Trek’s updated Fuel EX now features storage in the downtube, 29er wheels, more travel and a gorgeous frame… oh and it’s rollicking fast too
The updated Trek Fuel EX now features storage in the downtube, 29er wheels, more travel and a gorgeous frame… oh and it’s rollicking fast too.
Trek Fuel EX 9.8 review
Winner of our Bike of the Year award in 2017, the Fuel EX easily impressed us with its turn of speed, capable suspension and its ability to excel on any trail.
Three years on, and the Fuel EX is still a 130mm travel 29er trail bike, but Trek has moved things forward once again.
Fork travel has been upped to 140mm to make the bike even more capable and the mix and match carbon/alloy frame options on the high-end bikes are gone. Instead, all 9 series Fuel EXs now get a full carbon frame, with a one-piece magnesium rocker link, and the frame is now covered by a lifetime warranty.
Sizing on the Fuel EX has moved forward too. Our size L test bike growing by 12mm to sport an ample 470mm reach measurement. We’ve complained about overly slack seat angles on Trek bikes in the past, so we welcomed the steeper seat tube on the latest version. Granted, at 67.2 degrees it’s not as steep as some, but it still allowed us to run the saddle centered on the seat post, without having to sit on the nose of the saddle for climbing.
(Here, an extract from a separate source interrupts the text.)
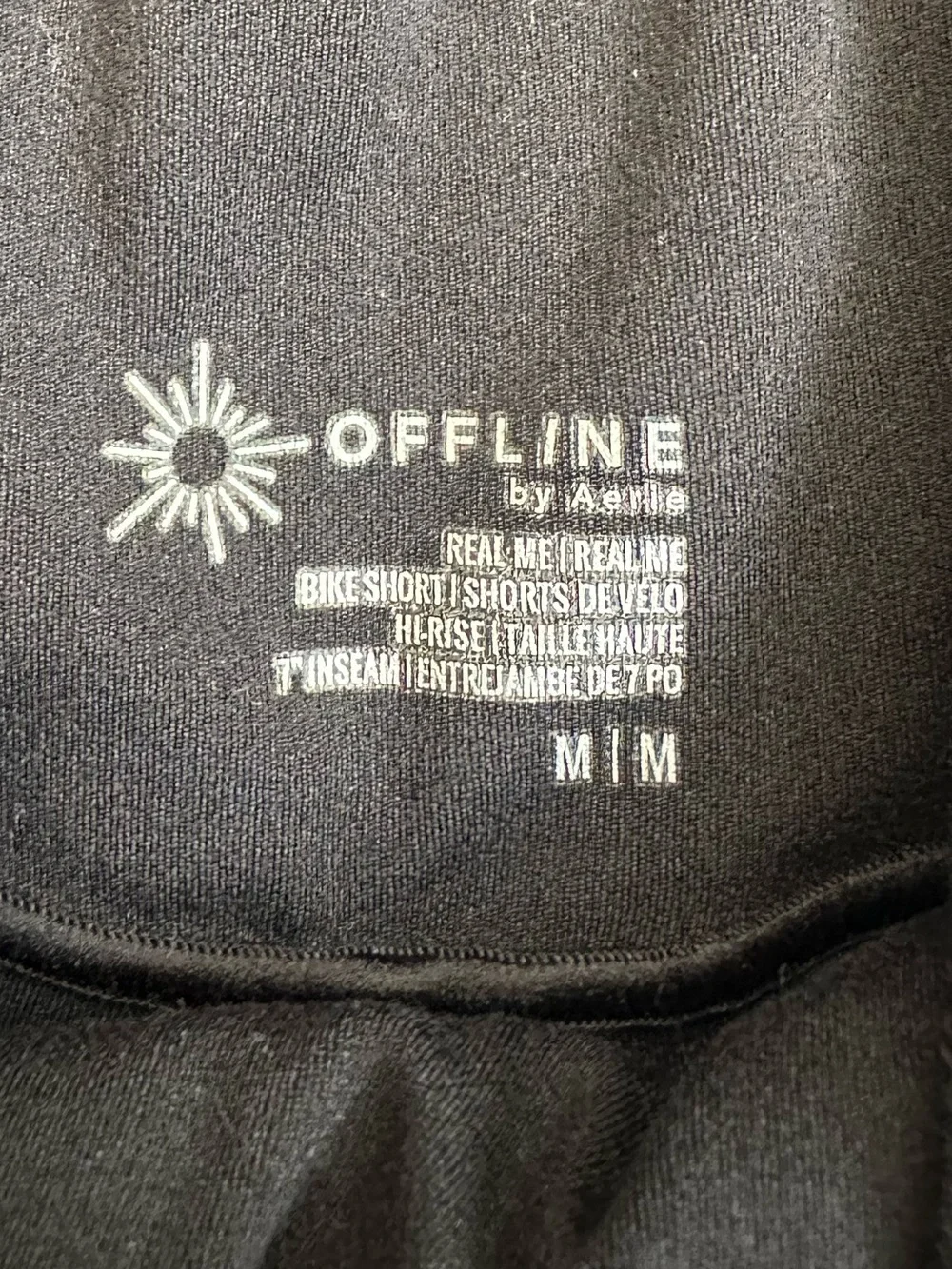 Offline by Aerie Real Me 7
Trek first eliminated the Full Floater linage on the Trek Slash, then the Trek Remedy and now the Fuel EX. To be fair, it was something of a hangover from the days when Trek had an inferiority complex about its suspension. More importantly, ditching it has freed up space for the new thru-shaft shock. There’s no oil displacement with this design, but the shock still has a thermal compensation chamber that looks like a tiny piggyback. The RE:aktiv damped shock is easy to set-up and with three distinct compression settings at the flick of a lever, it’s easy to match the damping to the terrain. Just don’t expect a super-firm pedal platform as the RE:aktiv damper is super sensitive off the top.
With shallow knobs, the 2.6in Bontrager XR4 Team Issue tyres are sporty, but they lack a pronounced edge on which to push in loose corners. The lack of knob height also makes the tyres more pressure sensitive. With no real knobs to squish, you need to drop the tyre pressure by a couple of psi to stop the ride from feeling too harsh. Thankfully, the tyres have reinforced Inner Strength sidewalls that make this possible without having to tiptoe through rocks for fear of puncturing.
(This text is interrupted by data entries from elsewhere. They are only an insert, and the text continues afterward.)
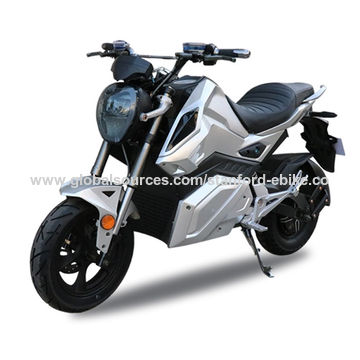 Chinese High Speed Cheap Adult 72v Electric Motorcycle 2000w With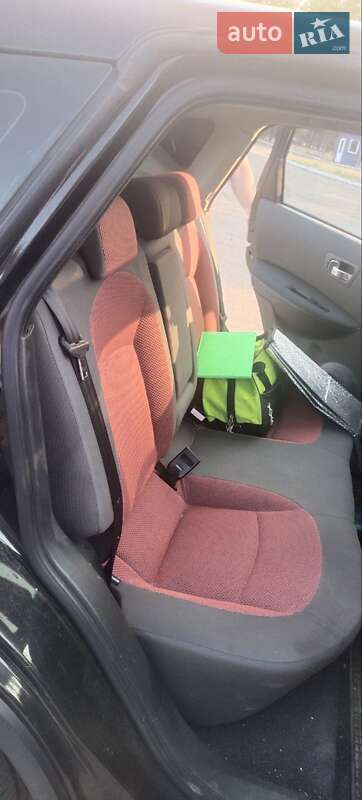 Внедорожник / Кроссовер Nissan Qashqai 2007 в Николаеве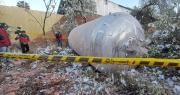 Empresa asume gastos por viviendas afectadas por explosión y vecinos exigen traslado a zona industrial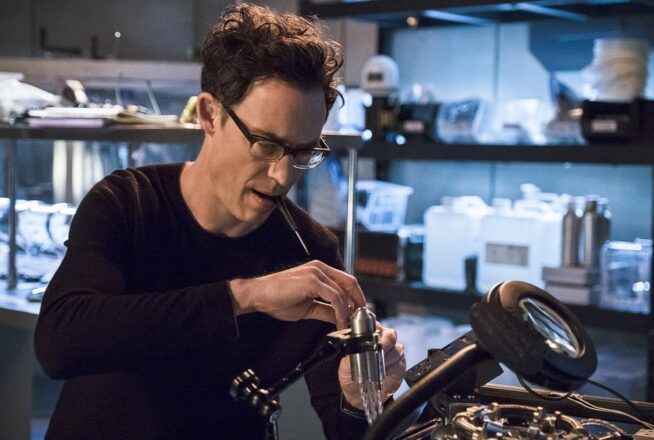 The Flash : un nouvel Harrison Wells pour la saison 4 ?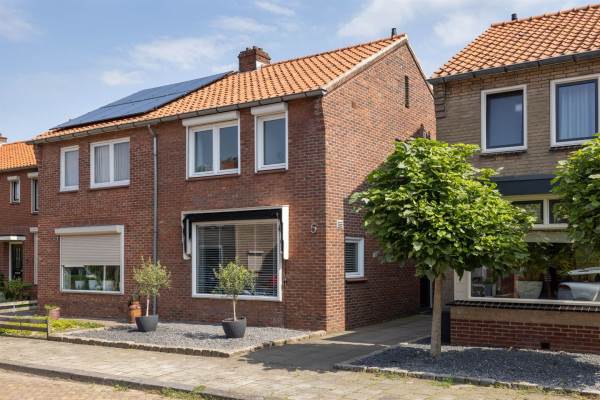 Woning Lepelaarstraat 5 Hengelo (OV)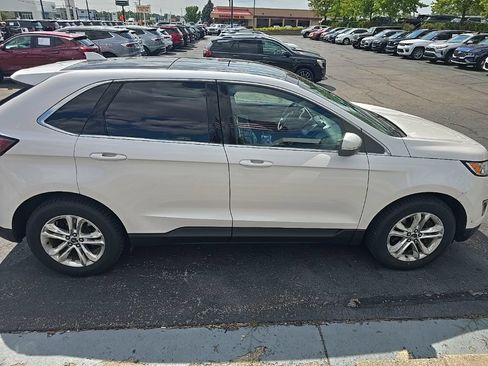 Used 2017 Ford Edge SEL w/ Canadian Touring Package AWD/4WD image 11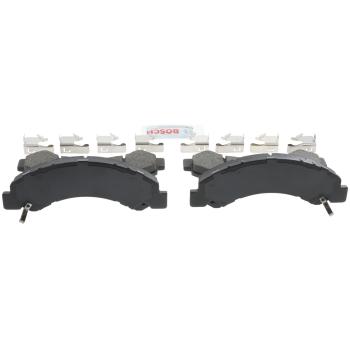 Bosch BE1732H - Disc Brake Pad Bosch BE1732H Disc Brake Pad product image 1 of 4
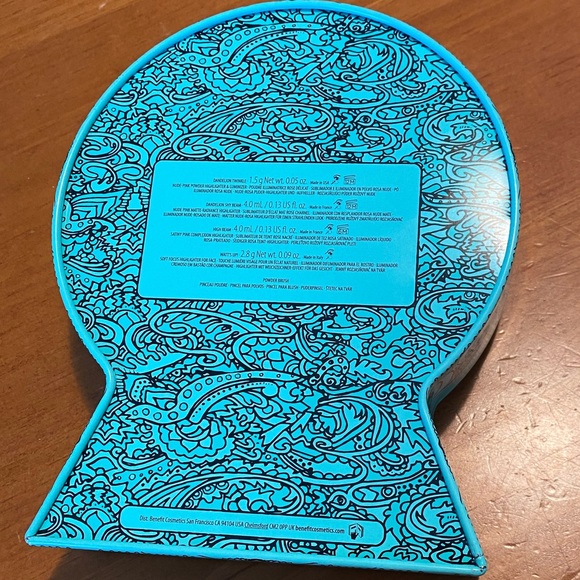 Benefit Hello San Francisglow! Glowin’ Downtown Highlighter Kit - Picture 12 of 13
Getting the front-end height dialled in was a little tricky too. Trek provides three 10mm interlocking headset spacers to match the Knock Block stem, but we’d like to see a couple of 5mm spacers and a 2.5mm for really fine-tuning the handlebar height.
We liked the lever shape of the SLX four piston disc brakes, and thankfully we had none of the shifting bite-point issues associated with the more expensive XT and XTR brakes. Raw power wasn’t quite as impressive as the SRAM Code brakes on the Specialized Stumpjumper though.
We spent the first couple of rides on the Fuel EX 9.8 chasing a knocking sound around the frame. We removed the BITS storage door and burrito, checked the Knock Block headset was secure, battened down all of the cables and tightened the new universal derailleur hanger, all to no avail. It wasn’t until we cinched up all of the pivot bolts that silence was restored and we could shift our focus back to the performance of the bike.
If we had to describe the new Fuel EX in a single word it would be “direct”. Not only does it feel like the fastest way from A to B, it’s tight and responsive when you want it to be, but remains sensitive enough to iron out the chatter. We really liked how light it feels to pedal and how the Fuel EX fires you out of corners faster than you entered them.
Yes, the shock feels more active than the Stumpy we you stand up to pedal, but stay seated on the steepest climbs and the Fuel EX makes everything feel easier.
Trek has done and amazing job with the new Fuel EX, retaining the blistering pace of the old design while bringing the sizing, suspension and handling up-to-date. It's not quite perfect though. The bar and stem don't offer enough rise, and we’d like more headset spacer options to fine-tune bar height. There’s no faulting the ride quality of the Fuel EX 9.8 though. The suspension offers stacks of traction and plenty of support for raining turns. Yes, the custom shock doesn't offer the firmest level of support when stomping on the pedals, but this doesn't appear the slow the Fuel EX down any.